• **Problem statement**
In your copy, repeat each record exactly and include no pictures.

• **Data to process**
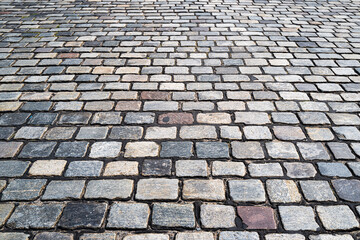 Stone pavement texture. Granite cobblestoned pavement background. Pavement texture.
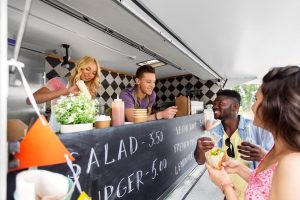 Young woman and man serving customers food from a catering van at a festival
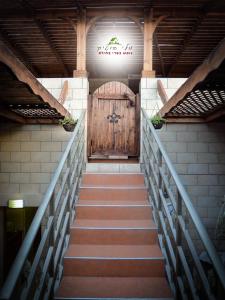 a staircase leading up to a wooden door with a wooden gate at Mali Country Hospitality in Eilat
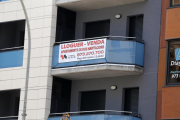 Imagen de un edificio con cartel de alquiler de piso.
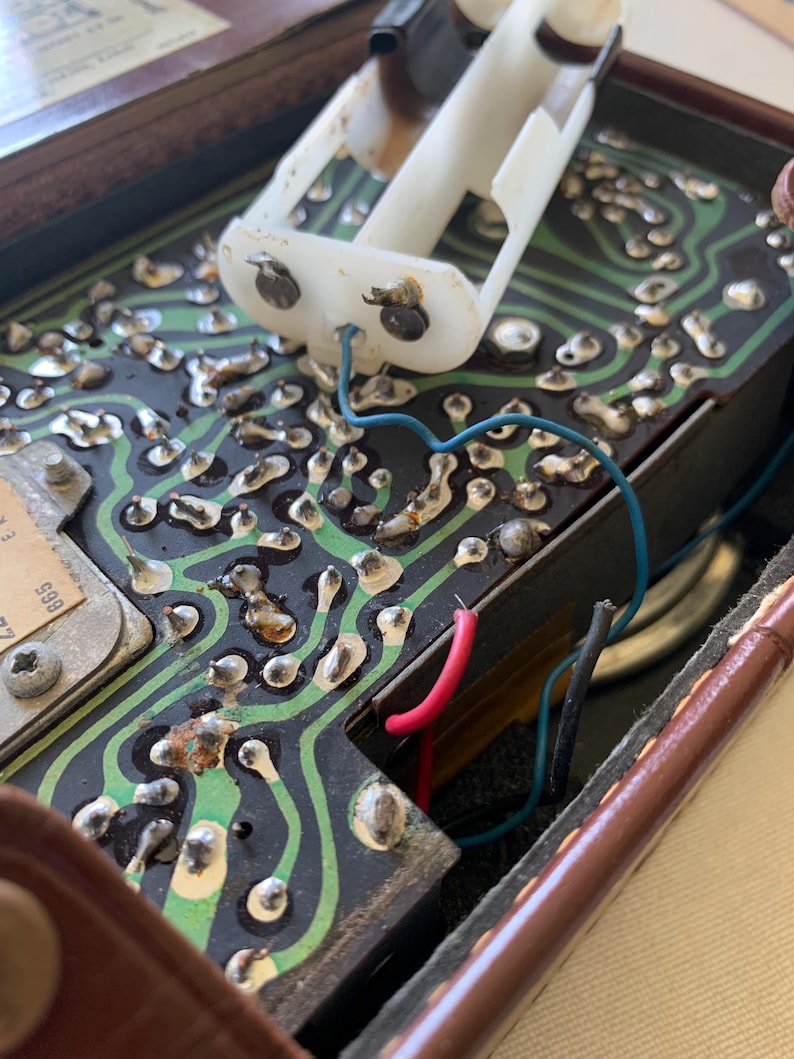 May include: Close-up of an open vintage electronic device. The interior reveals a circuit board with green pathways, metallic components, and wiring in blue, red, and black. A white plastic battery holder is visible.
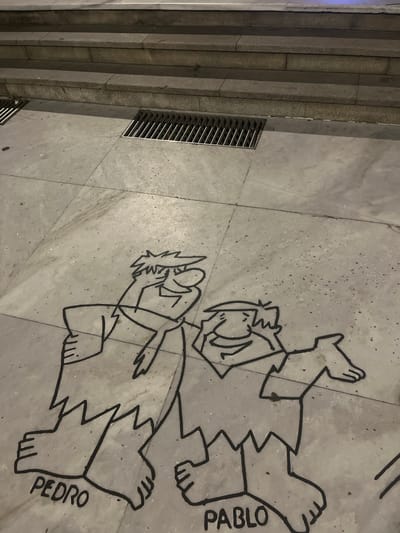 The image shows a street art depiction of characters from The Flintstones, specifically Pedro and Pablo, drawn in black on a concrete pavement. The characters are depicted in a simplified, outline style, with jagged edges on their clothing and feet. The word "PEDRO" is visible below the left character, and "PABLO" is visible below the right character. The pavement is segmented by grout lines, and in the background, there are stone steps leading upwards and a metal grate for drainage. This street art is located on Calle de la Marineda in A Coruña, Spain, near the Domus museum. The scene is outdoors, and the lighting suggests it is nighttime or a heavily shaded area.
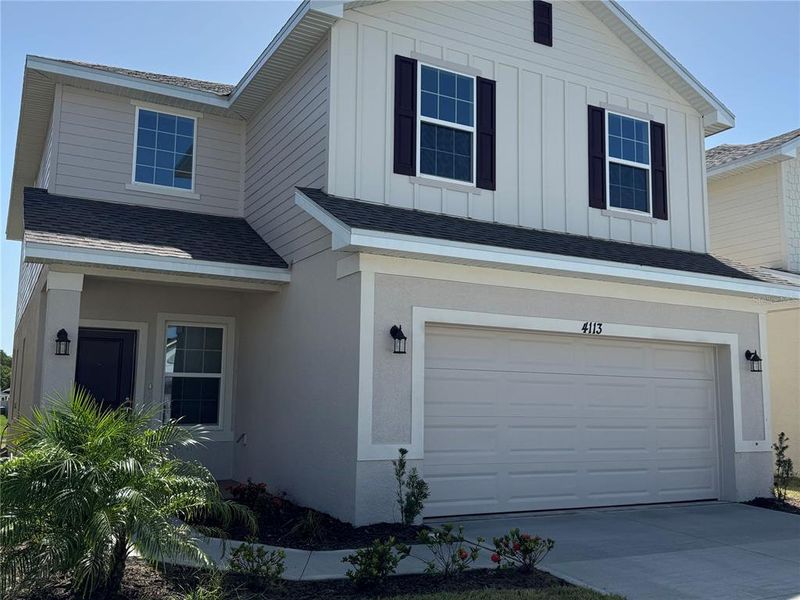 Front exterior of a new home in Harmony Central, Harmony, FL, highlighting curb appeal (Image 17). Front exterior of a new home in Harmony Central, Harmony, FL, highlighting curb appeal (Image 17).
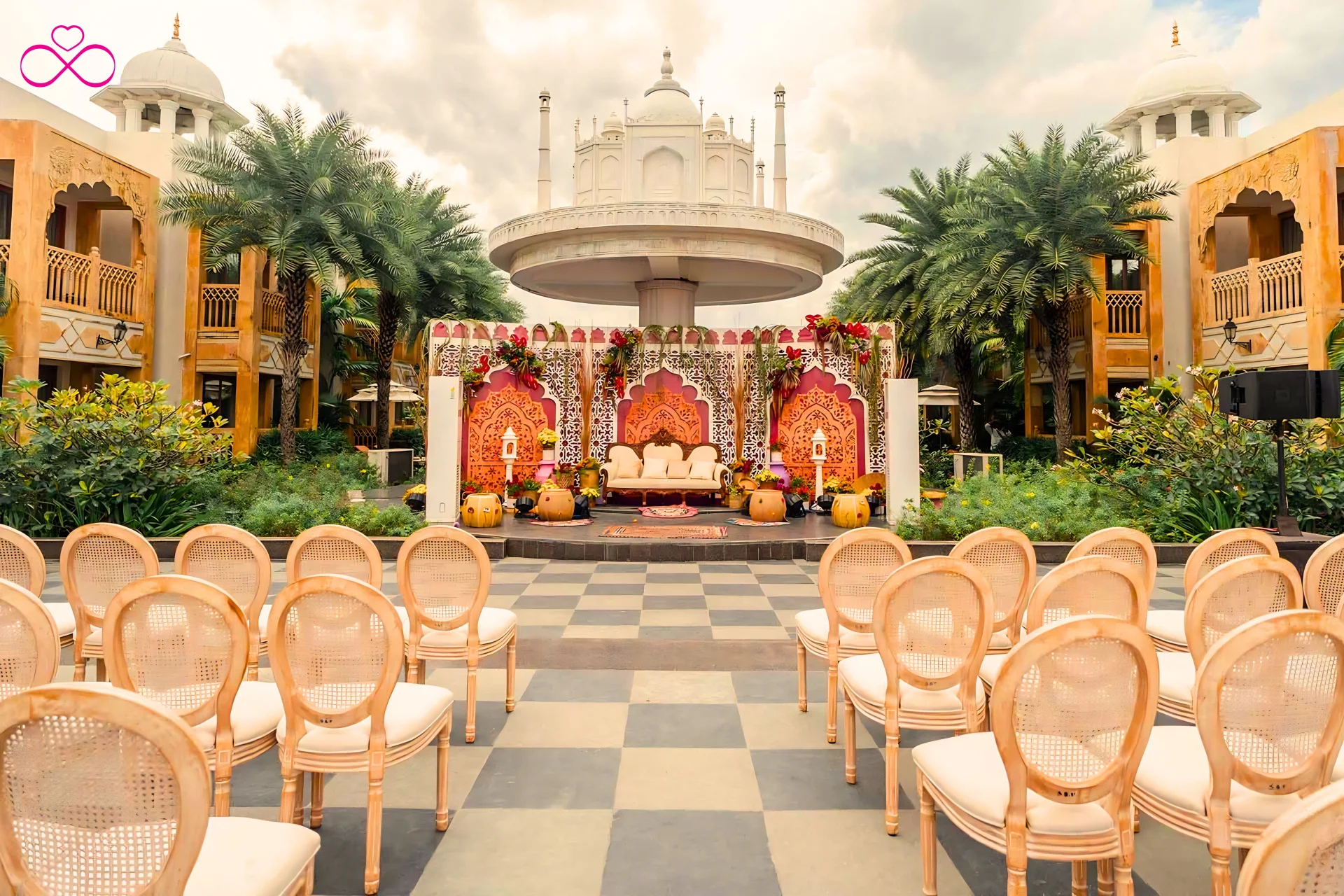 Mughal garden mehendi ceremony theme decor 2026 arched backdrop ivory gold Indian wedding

• **Exercise output**
 Stone pavement texture. Granite cobblestoned pavement background. Pavement texture.
 Young woman and man serving customers food from a catering van at a festival
 a staircase leading up to a wooden door with a wooden gate at Mali Country Hospitality in Eilat
 Imagen de un edificio con cartel de alquiler de piso.
 May include: Close-up of an open vintage electronic device. The interior reveals a circuit board with green pathways, metallic components, and wiring in blue, red, and black. A white plastic battery holder is visible.
 The image shows a street art depiction of characters from The Flintstones, specifically Pedro and Pablo, drawn in black on a concrete pavement. The characters are depicted in a simplified, outline style, with jagged edges on their clothing and feet. The word "PEDRO" is visible below the left character, and "PABLO" is visible below the right character. The pavement is segmented by grout lines, and in the background, there are stone steps leading upwards and a metal grate for drainage. This street art is located on Calle de la Marineda in A Coruña, Spain, near the Domus museum. The scene is outdoors, and the lighting suggests it is nighttime or a heavily shaded area.
 Front exterior of a new home in Harmony Central, Harmony, FL, highlighting curb appeal (Image 17). Front exterior of a new home in Harmony Central, Harmony, FL, highlighting curb appeal (Image 17).
 Mughal garden mehendi ceremony theme decor 2026 arched backdrop ivory gold Indian wedding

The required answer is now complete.